I think I'd like a Citation on this!
Generally the Thruway buses in California are excellent with guaranteed connections to trains, good equipment and pro drivers!

The outfit that replaced Amrrak to run the Trains in the Bay Area, Herzog, has an excellent reputation, and has done a good job wherever they have gotten transportation contracts.( including getting the long delayed Red Line up and running here in Austin when Veolia screwed the pooch!)

The Political thing is a whole another kettle of fish, all political deals have some corruption involved, but California deals are rather clean compared to States like Illinois,New Jersey and New York.


----------



## Swadian Hardcore (Jul 20, 2015)

He's got a point. Those Thruway buses are Van Hools and D4505s. Neither are considered particularly reliable, with the former being less reliable than the latter. But the D4505 is still a POS IMO.

Jim is right about New Jersey. NJT keeps ordering massive amounts of D4500CTs, a derivative of the D4505, even though MCI, the manufacturer, has severely dropped quality. Competitor Prevost offers a better product now, but NJT just ordered 772 D4500CTs again. Clearly, there is corruption between NJT and MCI.

That being said, MCI has somewhat improved for this order with a more efficient DD13 engine and new interior and suspension.


----------



## rickycourtney (Jul 20, 2015)

Amstruck said:


> Buses connecting Bakersfield and Los Angeles often break down causing long delay and connection failures.


Until I moved just about a year ago, I rode the Thruway Motorcoaches from Bakersfield to the LA several times a month for 4 years and never had one break down on me.
That being said the reality is this... breakdowns happen, especially when you're turning and burning coaches over a steep mountain pass.

When I first started riding the buses, they were much older (but still reliable) and within the last 3 years the state forced the largest operator to replace most of the coaches on the route. Now most (if not all) runs use newer buses equipped with seat belts, WiFi and power outlets.

I'm not sure what more can be done. Breakdowns happen, even to the best built and best maintained vehicles.



Amstruck said:


> The service is operated by contractors who are friends with Caltrans officials. Go figure! Some Amtrak trains in California are run by the state's most corrupt agency.


[citation needed]
Within the last few weeks the agency that controls the San Joaquin just changed from Caltrans to a new locally-controlled joint powers authority.



Swadian Hardcore said:


> NJT keeps ordering massive amounts of D4500CTs, a derivative of the D4505, even though MCI, the manufacturer, has severely dropped quality. Competitor Prevost offers a better product now, but NJT just ordered 772 D4500CTs again. Clearly, there is corruption between NJT and MCI.


Once again Swad steers this thread totally off course.MCI won the NJT bid for one reason... price. Not corruption.

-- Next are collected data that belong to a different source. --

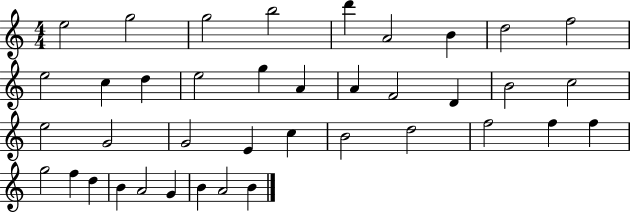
E5/h G5/h G5/h B5/h D6/q A4/h B4/q D5/h F5/h E5/h C5/q D5/q E5/h G5/q A4/q A4/q F4/h D4/q B4/h C5/h E5/h G4/h G4/h E4/q C5/q B4/h D5/h F5/h F5/q F5/q G5/h F5/q D5/q B4/q A4/h G4/q B4/q A4/h B4/q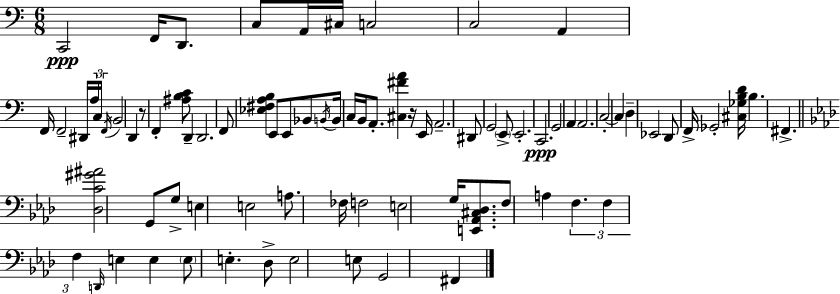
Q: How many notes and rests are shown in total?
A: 80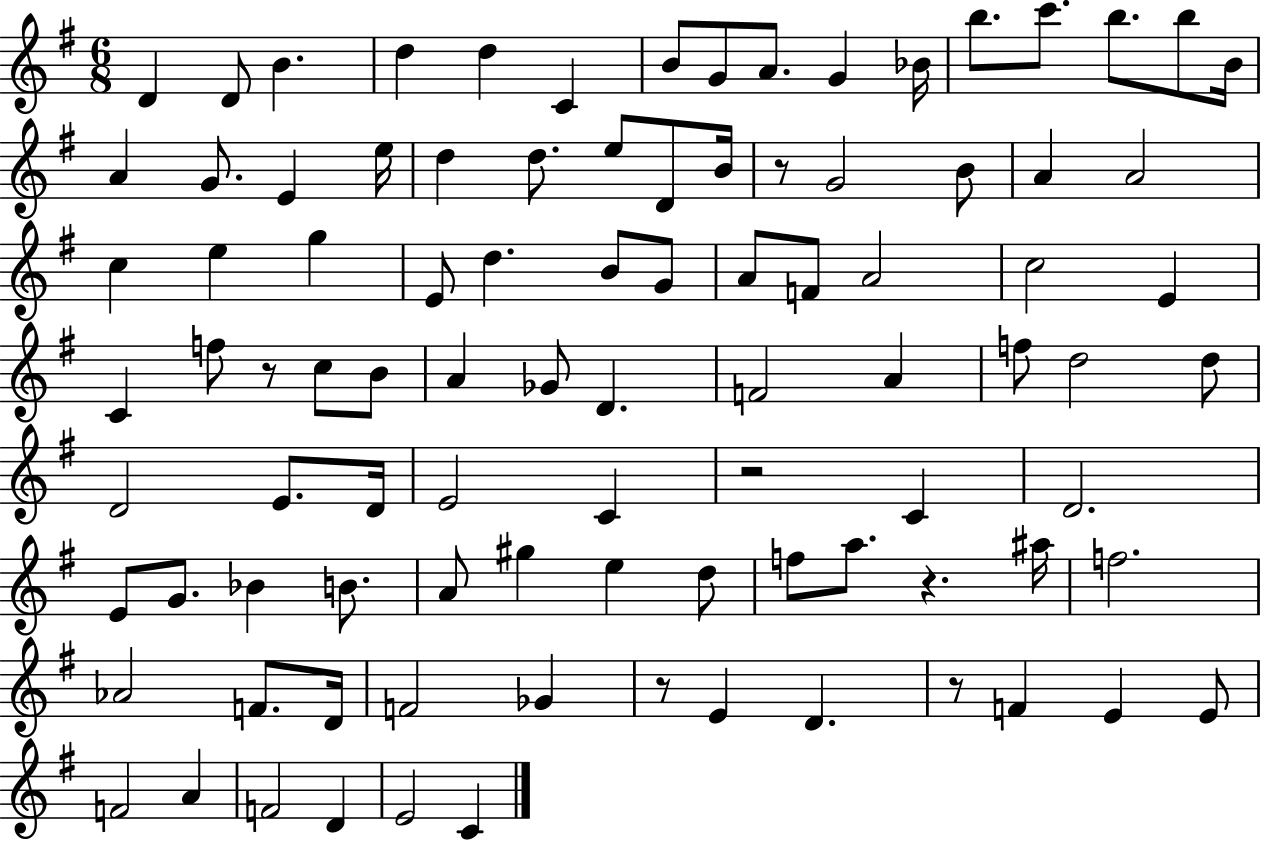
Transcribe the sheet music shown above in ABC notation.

X:1
T:Untitled
M:6/8
L:1/4
K:G
D D/2 B d d C B/2 G/2 A/2 G _B/4 b/2 c'/2 b/2 b/2 B/4 A G/2 E e/4 d d/2 e/2 D/2 B/4 z/2 G2 B/2 A A2 c e g E/2 d B/2 G/2 A/2 F/2 A2 c2 E C f/2 z/2 c/2 B/2 A _G/2 D F2 A f/2 d2 d/2 D2 E/2 D/4 E2 C z2 C D2 E/2 G/2 _B B/2 A/2 ^g e d/2 f/2 a/2 z ^a/4 f2 _A2 F/2 D/4 F2 _G z/2 E D z/2 F E E/2 F2 A F2 D E2 C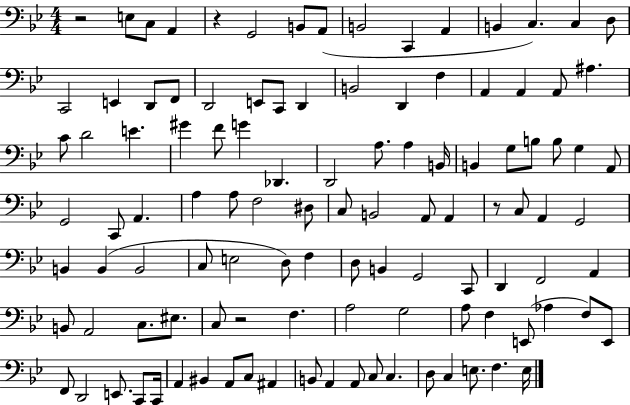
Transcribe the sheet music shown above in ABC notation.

MCI is willing to cut their profit margins to the bone to ensure their production lines continue humming for the next 7 years.


----------



## tp49 (Jul 20, 2015)

Amstruck said:


> Buses connecting Bakersfield and Los Angeles often break down causing long delay and connection failures. The service is operated by contractors who are friends with Caltrans officials. Go figure! Some Amtrak trains in California are run by the state's most corrupt agency.


Caltrans isn't even in the top five of the state's most corrupt agencies.


----------



## Swadian Hardcore (Jul 21, 2015)

GMAB. Forget about NJT. Let's just talk corruption. "The government is not corrupt. There is no corruption involved in orders. It's all fair and square".

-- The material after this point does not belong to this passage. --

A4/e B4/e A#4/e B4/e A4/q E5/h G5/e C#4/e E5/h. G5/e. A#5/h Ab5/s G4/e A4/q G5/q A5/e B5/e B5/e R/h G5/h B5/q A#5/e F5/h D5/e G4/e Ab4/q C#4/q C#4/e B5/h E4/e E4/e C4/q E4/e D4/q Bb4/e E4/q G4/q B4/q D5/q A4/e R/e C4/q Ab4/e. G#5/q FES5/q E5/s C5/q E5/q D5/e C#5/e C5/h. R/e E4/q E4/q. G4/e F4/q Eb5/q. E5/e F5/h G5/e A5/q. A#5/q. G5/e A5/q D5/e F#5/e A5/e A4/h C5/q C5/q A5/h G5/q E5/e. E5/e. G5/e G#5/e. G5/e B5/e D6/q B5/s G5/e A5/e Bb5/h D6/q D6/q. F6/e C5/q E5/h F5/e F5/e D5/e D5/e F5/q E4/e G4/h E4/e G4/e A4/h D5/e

Cut your margins, built a POS, send some kickbacks, deal.


----------



## jis (Jul 21, 2015)

I would really be interested in seeing some incontrovertible evidence of kickback. I know it is the fashionable thing to throw about claims of "government corruption", but I don't pay much attention to unsubstantiated claims of such.


----------



## Swadian Hardcore (Jul 21, 2015)

Yeah, if there were proof, there wouldn't be corruption.

It's like the military's secret weapons. They will never release proof of their most advanced weapons. But we all know it's there.


----------



## rickycourtney (Jul 21, 2015)

jis said:


> I would really be interested in seeing some incontrovertible evidence of kickback. I know it is the fashionable thing to throw about claims of "government corruption", but I don't pay much attention to unsubstantiated claims of such.


+1



Swadian Hardcore said:


> Yeah, if there were proof, there wouldn't be corruption.
> 
> It's like the military's secret weapons. They will never release proof of their most advanced weapons. But we all know it's there.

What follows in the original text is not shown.